"Alternate Forms" de Son Lux : le passage des lanternes…
Prévenons immédiatement le lecteur, particulièrement s’il est fan de la musique du groupe expérimental US : nous allons parler d’un nouvel album de Son Lux qui n’est pas vraiment un nouvel album de Son Lux. D’ailleurs, nous ne sommes ni experts, ni même fans de Son Lux, et nous nous sommes plongés dans l’écoute de cet Alternate Forms à cause de la découverte – et de l’enchantement qui en a résulté – de la chanson Alternate World, interprétée par le fabuleux Kishi Bashi (qui est l’un de nos artistes pop préférés). Car Alternate Forms consiste en la réinterprétation de l’intégralité – et dans l’ordre original des titres – de Lanterns, le troisième album studio de Son Lux (et celui que leur public préfère, en général) par de nombreux artistes, chacun s’appropriant la musique du groupe (bon, avouons que si tout le disque avait été réalisé par Kishi Bashi, ça nous aurait bien été, en fait !). Notons aussi que chaque morceau est désormais assorti d’un double titre, combinant l’original avec un nouveau, mis entre parenthèses : Alternate World est ainsi devenu Alternate World (Alternate Life)…

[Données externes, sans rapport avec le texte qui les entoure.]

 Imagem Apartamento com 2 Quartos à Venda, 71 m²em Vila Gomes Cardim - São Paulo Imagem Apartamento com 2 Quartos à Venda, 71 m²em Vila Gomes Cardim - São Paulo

Ce type d’exercice, avec Son Lux restant aux commandes du projet, et participant à la réinterprétation de leur œuvre, n’est pas si fréquent : il ne nous vient même à l’esprit qu’un seul travail vaguement similaire, celui effectué par Peter Gabriel avec son double projet Scratch My Back / And I’ll Scratch Yours. Evidemment, l’une des énormes différences entre Son Lux et Peter Gabriel est que ce dernier avait fait appel à de grands noms du Rock (Lou Reed, Arcade Fire…), alors que Son Lux collabore ici avec des artistes bien moins connus, la plupart du temps eux-mêmes des créateurs expérimentaux.

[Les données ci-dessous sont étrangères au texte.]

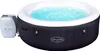 Bestway® LAY-Z-SPA® Whirlpool Miami AirJet™ Ø 180 x 66 cm, Produktbild-Vorschau 18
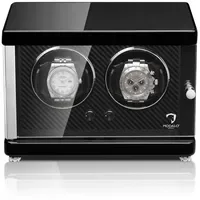 MODALO Uhrenbeweger 1502884 - schwarz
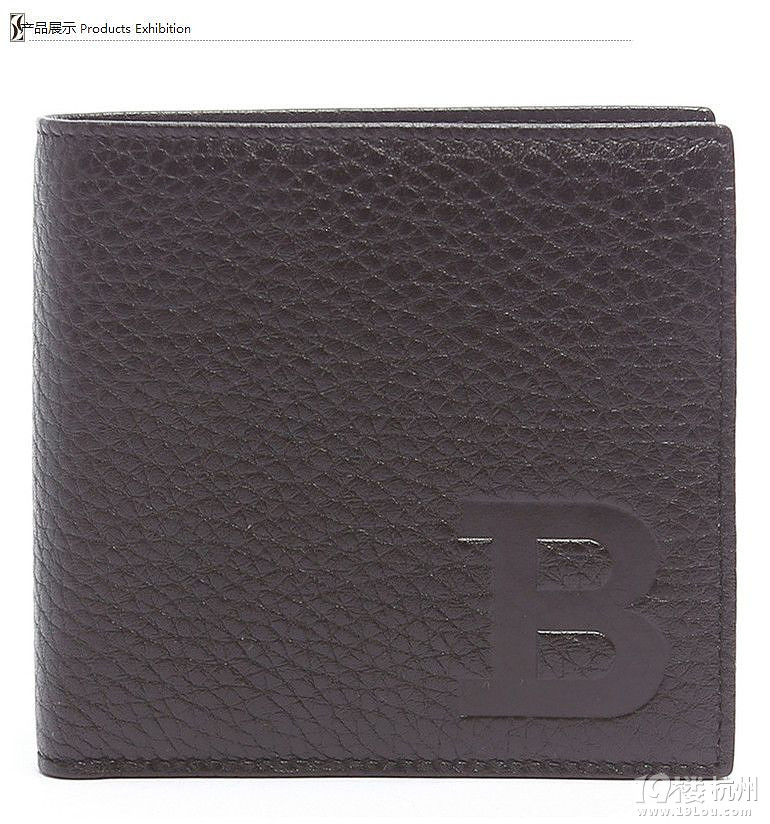 ʿ BALLY ʿɫţƤ̿XBAFLOR ؃r(ji)N 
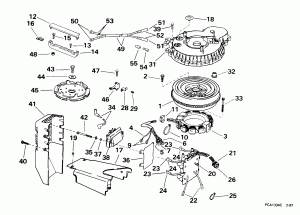 Ignition System (Ignition System)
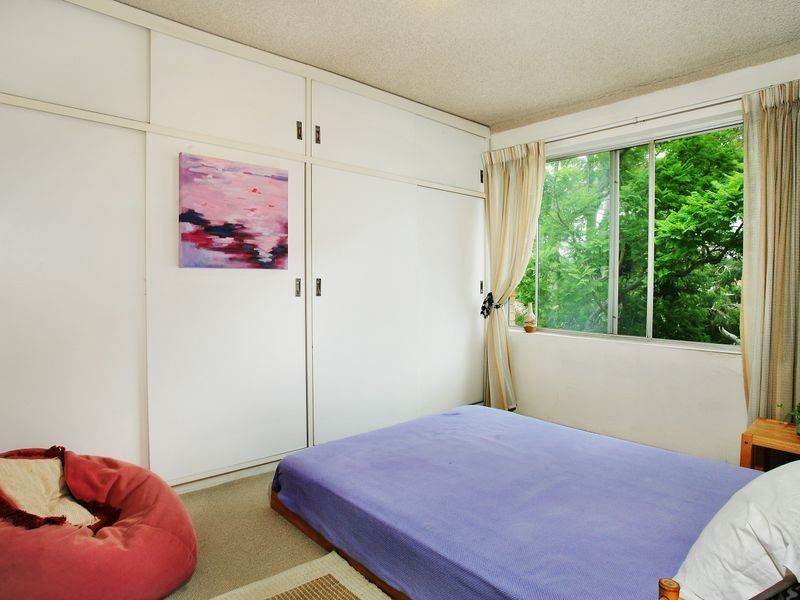 6/48-50 Station Street, Mortdale NSW 2223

Le premier risque évident de ce genre de disques, est que l’auditeur comparera systématiquement les nouvelles versions avec les originales, pour identifier les différences, pour décider de ce qu’il estime meilleur ou moins bon… ce qui est finalement stérile, et surtout ne correspond probablement pas à ce que Son Lux voulaient faire. L’autre risque est l’hétérogénéité du résultat, chaque collaboration tirant la musique dans une direction différente… Et il faut bien avouer que cet Alternate Forms n’échappe pas à ce problème, et s’écoutera plus comme une collection de chansons aux atmosphères diverses et variées que comme un album cohérent.
Parmi les grandes réussites du disque (au-delà du morceau de Kishi Bashi), la bouleversante performance vocale de la chanteuse sud-africaine de jazz, Vuyo Sotashe, sur Easy (Fight to Forget), est l’une des grandes évidences, dans un style musical radicalement différent de celui de l’album original. Dans un registre similaire, pour qui aime les très belles voix féminines, Pyre (Alarm Bells) est sublimé par le chant de la jeune Anna B Savage, qui confirme ici, en duo avec l’Américain DM Stith, tout le bien qu’on pense d’elle depuis son apparition en 2021. On admirera encore combien, sur Enough Of Our Machines (Walk Away), la chanteuse vōx évoque la diva Anna Calvi sur un lit de machines…
Du côté plus franchement expérimental, les sept minutes ambitieuses, quasiment psychédéliques, proposées par Jordan Munson et Isaiah Robinson sur No Crimes (New History) et le labyrinthe sonore de l’artiste électro Kilimanzego sur Plan the Escape (Sirens and Tremors) seront sans doute les passages qui raviront le plus les partisans de l’audace musicale.
Chacun, selon qu’il est fan de Son Lux ou non, qu’il aime Lanterns ou pas, réagira plus ou moins positivement à Alternate Forms, qui parfois accentue la force originale des morceaux, parfois la réduit, voire s’en écarte franchement. Il s’agit en tous cas d’un projet passionnant de plus de la part de Son Lux.